A business professor was suspended from his job over the summer after agreeing to comply with a protective order filed against him by one of his 18-year-old former students.
Reb Beatty, 43, said he agreed to the Anne Arundel County District Court order requiring him not to contact the teenage student and to stay away from her home, workplace and school.
The teenage student said in the petition for protection that she had met Beatty as a 17-year-old high school student taking his accounting class at AACC, and that their relationship began shortly after her 18th birthday.
The student accused Beatty of manipulating her, turning her against her parents and not allowing her to leave his home, according to the petition.
In an email statement to Campus Current, Beatty said he plans to file a defamation lawsuit against the young woman and her parents.
The student did not respond to Campus Current’s request for comment as of the newspaper’s print deadline.
Beatty alleged that the teenage student’s request for a protective order was “almost entirely comprised of exaggerations or outright lies. [The student’s] statement is an attempt to rewrite history.”
In her petition to the court, the student alleged that the relationship began shortly after her 18th birthday, when Beatty asked her to babysit his children for a second time. While she was at his house, she said, he flirted with her and tickled her.
After her high school graduation, she said in court papers, “he bought me flowers, found my address on his own, and left them at my front door. He didn’t sign it so my parents wouldn’t know who left them.”

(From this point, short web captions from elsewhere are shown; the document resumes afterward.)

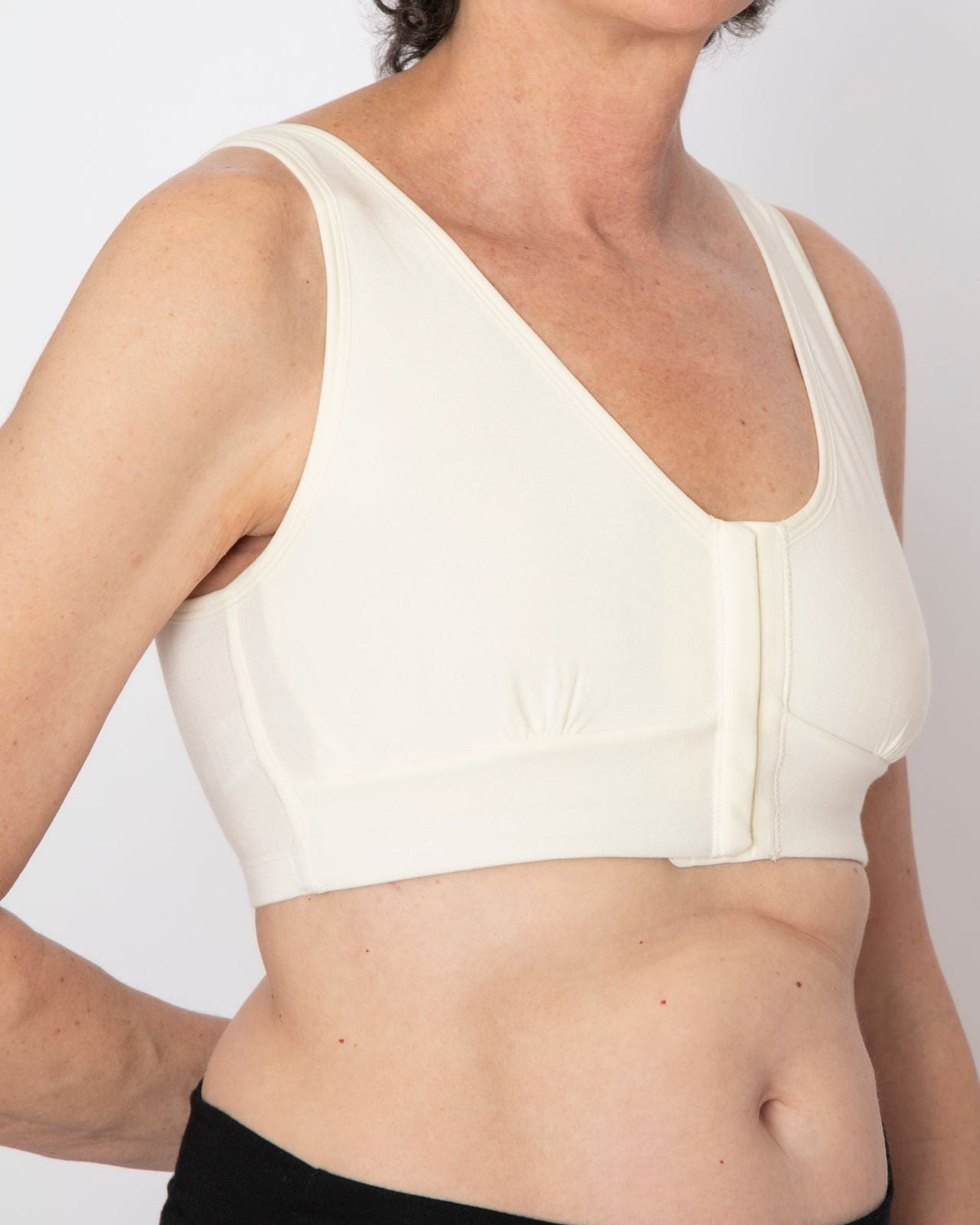 Rora Recovery Front Closure Bra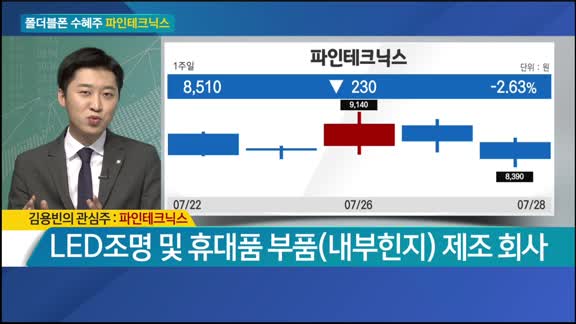 [전일/금일 특징주]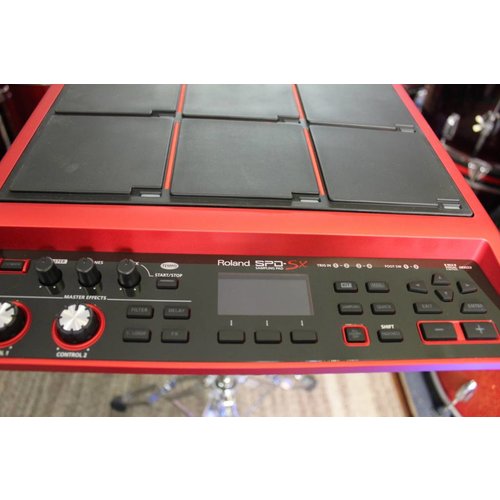 Roland Roland SPD-SX Special Edition - Red Roland Roland SPD-SX Special Edition - Red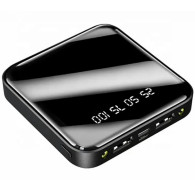US15 Powerbank kieszonkowy black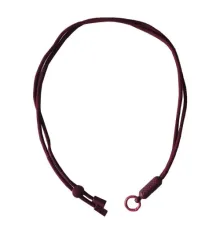 Шнурок з карабіном + тримач для чохлів (універсальний) Marsala mag-2000001445297152642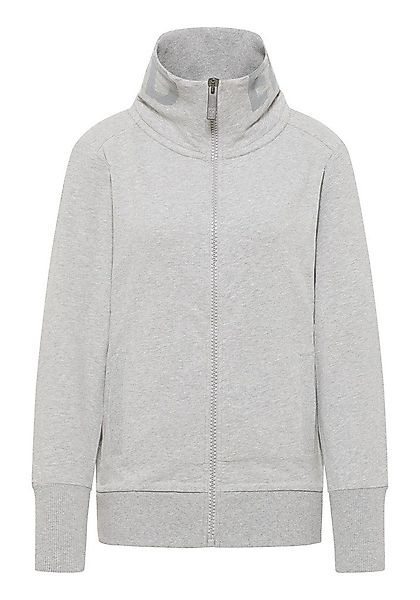 Elbsand Sweatjacke 70348 00 heather grey günstig online kaufen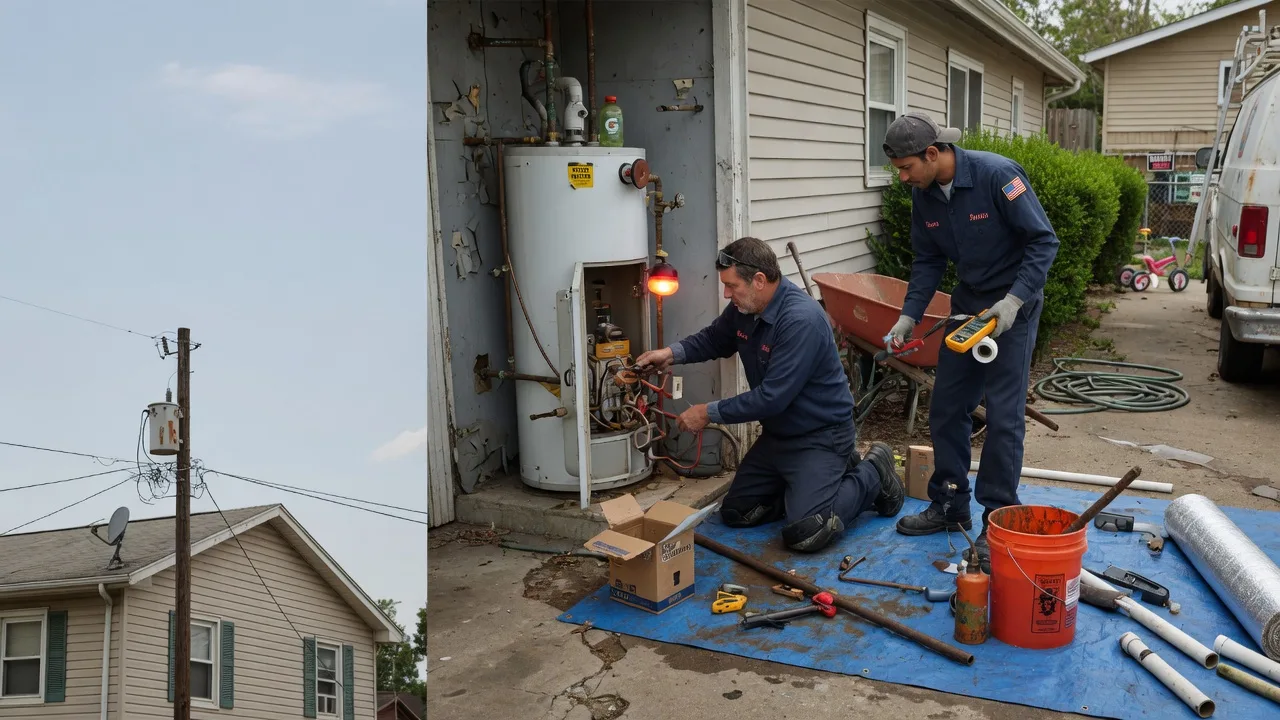 Leak Detection in Juliaetta, ID near me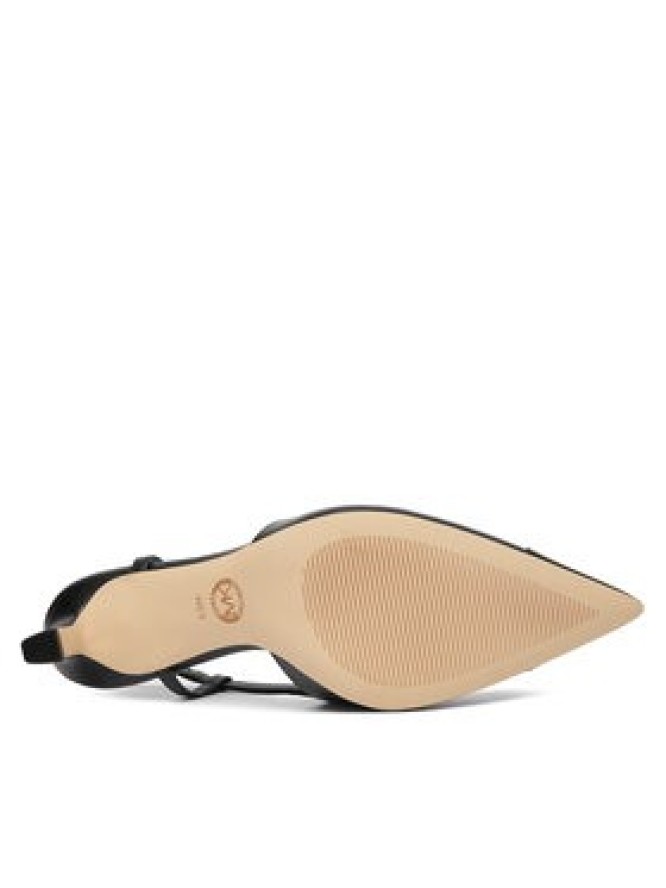 MICHAEL Michael Kors Czółenka Alora Toe Cao Mid Sling 40R6AOMS1L Czarny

They began to have a sexual relationship after she graduated and turned 18, the student said in her court petition. She alleged that Beatty insisted on having unprotected sex, which she initially resisted to avoid getting pregnant.
In the petition, she alleged that he gave her so much alcohol that she couldn’t walk, and continued to pressure her to drink more.
Later, she said, she moved into his house.
She also alleged in the petition that he tried to convince her to move her money into a joint bank account with him.
Once she realized she wanted to leave him, she said in court papers, “He would manipulate me and make me feel like I can’t leave. He was very adamant that he had a lot to lose and I had little to lose.”
Finally, she said, she ran away from his house, without her shoes so he didn’t think she was trying to leave.
Beatty said he voluntarily accepted the protective order to “de-escalate the situation and allow all parties to move forward,” not because the student’s claims were true.
In his statement to the student newspaper, Beatty said, “At no point during the semester was there any type of intimate relationship.”
On a website he created to “share the truth” about the relationship, Beatty said he didn’t know the student was in high school when he met her in his class.
He alleged on his website that she said she did not care about their age difference.
As of Sept. 17, Beatty’s website said he was suspended from the college following an allegation that he was in a sexual relationship with the teenager while she was a student in his class, which he has denied.
The student petitioned to the court to have the website taken down, which was denied by the Anne Arundel County District Court.
Dan Baum, AACC’s executive director of strategic communications, said in a statement that the college does not comment on personnel matters. He added, however, “Anne Arundel Community College is committed to maintaining a safe and respectful environment for all members of our community. … Please be assured that we always take the necessary steps to address any concerns with the utmost seriousness and in accordance with our institutional policies and all federal, state and county laws and regulations.”
AACC’s Nepotism and Personal Relationships Policy “discourages a faculty member from having an intimate relationship with an adult student, even if there is not a faculty-student relationship,” adding that a professor in such an intimate relationship cannot evaluate the student’s work.”